No siempre fue tuerto. Mucho antes de que una flecha lo dejara ciego del ojo izquierdo, Nippur de Lagash había amontonado cicatrices en todo el cuerpo y arrastrado en sus sandalias polvo y arena de casi todo el cercano oriente. Como cualquiera, entré en su historia por un costado, en algún episodio suelto que ya no recuerdo, y fue mi favorito porque los mutantes de Mark me daban asco y casi todo lo que le pasaba a Dago ya lo había leído en El capitán Tormenta. No es que no me gustaran otros. Gilgamesh era bueno pero escaso, a Or-Grund le faltaba un poco de drama y el Cosaco tenía la desventaja de los dibujos de Casalla. Nippur, en cambio, no defraudaba nunca, ni siquiera cuando venía dibujado por Lucho Olivera, que no me gustaba tanto aunque hubiera sido él, y no los Villagrán ni Mulko, el que trazó las primeras líneas del personaje pergeñado junto a Robin Wood en alguna delirante conversación sobre historia y mitología sumerias.
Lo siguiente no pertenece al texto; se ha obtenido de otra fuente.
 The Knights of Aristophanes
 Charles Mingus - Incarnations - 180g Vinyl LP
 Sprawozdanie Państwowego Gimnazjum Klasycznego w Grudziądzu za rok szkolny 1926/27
Nippur de Lagash nació el día que abandonó su ciudad, luego de que el abombado rey Urukagina, engañado por un sórdido consejero, se dejara invadir por Lugga I Zagizi. No es un planteo original, porque es clásico. Las aventuras heroicas no son muy complejas, y menos si hay que liquidarlas en cuatro o cinco páginas. El héroe está en reposo hasta que algo lo obliga a moverse. Entonces se sacude como loco y varios muertos después mira hacia adelante, los ojos por encima del desparramo que lo rodea, y espera. Sabe que no es de héroes estarse quietos, así que más tarde o más temprano volverá a sacudirse.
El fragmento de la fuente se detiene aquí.